%%

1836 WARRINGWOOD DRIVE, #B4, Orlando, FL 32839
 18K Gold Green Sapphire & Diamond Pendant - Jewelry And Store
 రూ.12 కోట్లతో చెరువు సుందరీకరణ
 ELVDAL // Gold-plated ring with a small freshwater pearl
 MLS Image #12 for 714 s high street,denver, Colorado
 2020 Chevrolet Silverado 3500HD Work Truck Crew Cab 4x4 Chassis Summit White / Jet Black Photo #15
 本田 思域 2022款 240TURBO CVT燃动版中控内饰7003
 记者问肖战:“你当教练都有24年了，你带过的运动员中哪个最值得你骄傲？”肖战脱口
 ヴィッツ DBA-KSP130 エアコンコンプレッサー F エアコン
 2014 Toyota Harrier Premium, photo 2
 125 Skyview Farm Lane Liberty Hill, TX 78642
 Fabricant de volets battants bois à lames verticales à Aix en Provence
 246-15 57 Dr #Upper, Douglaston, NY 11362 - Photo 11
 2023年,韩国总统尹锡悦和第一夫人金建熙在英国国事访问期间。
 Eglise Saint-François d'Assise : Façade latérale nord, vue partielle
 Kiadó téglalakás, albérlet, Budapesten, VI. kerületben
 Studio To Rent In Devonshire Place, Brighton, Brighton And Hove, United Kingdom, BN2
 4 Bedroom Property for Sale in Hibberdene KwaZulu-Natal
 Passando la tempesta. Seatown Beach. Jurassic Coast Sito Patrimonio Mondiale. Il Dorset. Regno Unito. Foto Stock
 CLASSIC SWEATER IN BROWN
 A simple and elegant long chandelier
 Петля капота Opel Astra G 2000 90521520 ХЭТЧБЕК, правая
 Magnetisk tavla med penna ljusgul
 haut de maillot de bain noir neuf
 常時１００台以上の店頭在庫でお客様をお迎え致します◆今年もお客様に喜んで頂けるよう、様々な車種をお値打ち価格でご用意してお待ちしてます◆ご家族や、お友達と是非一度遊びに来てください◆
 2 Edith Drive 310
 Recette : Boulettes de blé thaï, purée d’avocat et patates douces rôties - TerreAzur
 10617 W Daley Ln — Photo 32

%%

**What needs to be done:**
The answer should be the full set of records, reproduced exactly.

**Exercise output:**
1836 WARRINGWOOD DRIVE, #B4, Orlando, FL 32839
 18K Gold Green Sapphire & Diamond Pendant - Jewelry And Store
 రూ.12 కోట్లతో చెరువు సుందరీకరణ
 ELVDAL // Gold-plated ring with a small freshwater pearl
 MLS Image #12 for 714 s high street,denver, Colorado
 2020 Chevrolet Silverado 3500HD Work Truck Crew Cab 4x4 Chassis Summit White / Jet Black Photo #15
 本田 思域 2022款 240TURBO CVT燃动版中控内饰7003
 记者问肖战:“你当教练都有24年了，你带过的运动员中哪个最值得你骄傲？”肖战脱口
 ヴィッツ DBA-KSP130 エアコンコンプレッサー F エアコン
 2014 Toyota Harrier Premium, photo 2
 125 Skyview Farm Lane Liberty Hill, TX 78642
 Fabricant de volets battants bois à lames verticales à Aix en Provence
 246-15 57 Dr #Upper, Douglaston, NY 11362 - Photo 11
 2023年,韩国总统尹锡悦和第一夫人金建熙在英国国事访问期间。
 Eglise Saint-François d'Assise : Façade latérale nord, vue partielle
 Kiadó téglalakás, albérlet, Budapesten, VI. kerületben
 Studio To Rent In Devonshire Place, Brighton, Brighton And Hove, United Kingdom, BN2
 4 Bedroom Property for Sale in Hibberdene KwaZulu-Natal
 Passando la tempesta. Seatown Beach. Jurassic Coast Sito Patrimonio Mondiale. Il Dorset. Regno Unito. Foto Stock
 CLASSIC SWEATER IN BROWN
 A simple and elegant long chandelier
 Петля капота Opel Astra G 2000 90521520 ХЭТЧБЕК, правая
 Magnetisk tavla med penna ljusgul
 haut de maillot de bain noir neuf
 常時１００台以上の店頭在庫でお客様をお迎え致します◆今年もお客様に喜んで頂けるよう、様々な車種をお値打ち価格でご用意してお待ちしてます◆ご家族や、お友達と是非一度遊びに来てください◆
 2 Edith Drive 310
 Recette : Boulettes de blé thaï, purée d’avocat et patates douces rôties - TerreAzur
 10617 W Daley Ln — Photo 32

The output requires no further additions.